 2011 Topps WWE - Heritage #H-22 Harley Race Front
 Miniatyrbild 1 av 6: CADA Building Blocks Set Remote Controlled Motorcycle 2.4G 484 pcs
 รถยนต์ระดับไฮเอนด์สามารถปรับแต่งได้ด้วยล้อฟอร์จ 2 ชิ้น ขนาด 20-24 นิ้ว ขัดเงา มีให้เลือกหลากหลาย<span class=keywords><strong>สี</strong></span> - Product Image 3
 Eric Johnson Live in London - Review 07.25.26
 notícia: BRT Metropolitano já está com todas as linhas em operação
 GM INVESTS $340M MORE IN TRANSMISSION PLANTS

---

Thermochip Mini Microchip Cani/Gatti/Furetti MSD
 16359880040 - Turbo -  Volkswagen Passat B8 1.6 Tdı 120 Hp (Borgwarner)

--

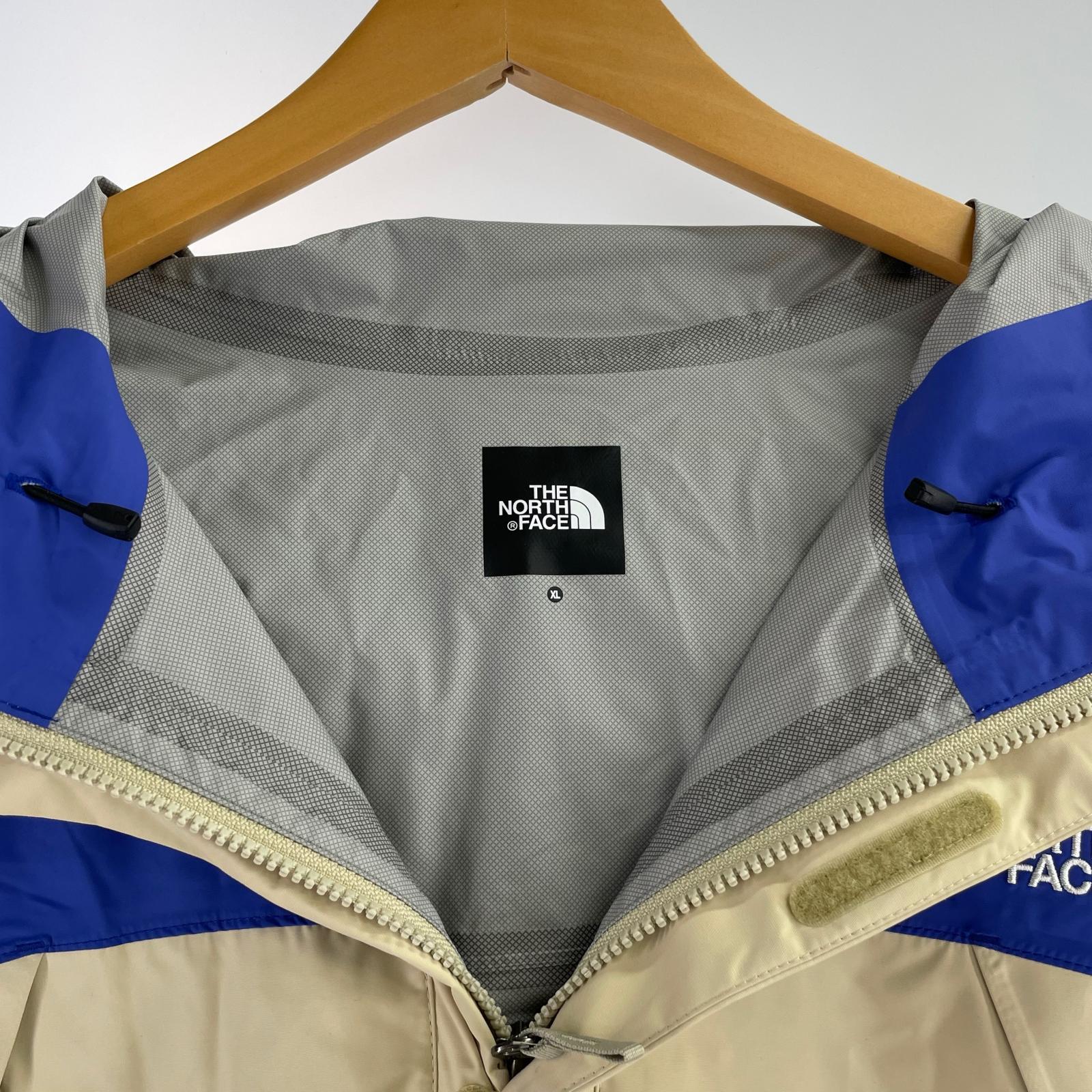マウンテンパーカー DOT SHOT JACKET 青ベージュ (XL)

EXERCISE OBJECTIVE:
Everything above from the line with "2011 Topps WWE" to the line with "GM INVESTS $340M MORE IN TRANSMISSION PLANTS", both included, must be repeated exactly, and nothing outside that range.

ANSWER TO THIS EXERCISE:
 2011 Topps WWE - Heritage #H-22 Harley Race Front
 Miniatyrbild 1 av 6: CADA Building Blocks Set Remote Controlled Motorcycle 2.4G 484 pcs
 รถยนต์ระดับไฮเอนด์สามารถปรับแต่งได้ด้วยล้อฟอร์จ 2 ชิ้น ขนาด 20-24 นิ้ว ขัดเงา มีให้เลือกหลากหลาย<span class=keywords><strong>สี</strong></span> - Product Image 3
 Eric Johnson Live in London - Review 07.25.26
 notícia: BRT Metropolitano já está com todas as linhas em operação
 GM INVESTS $340M MORE IN TRANSMISSION PLANTS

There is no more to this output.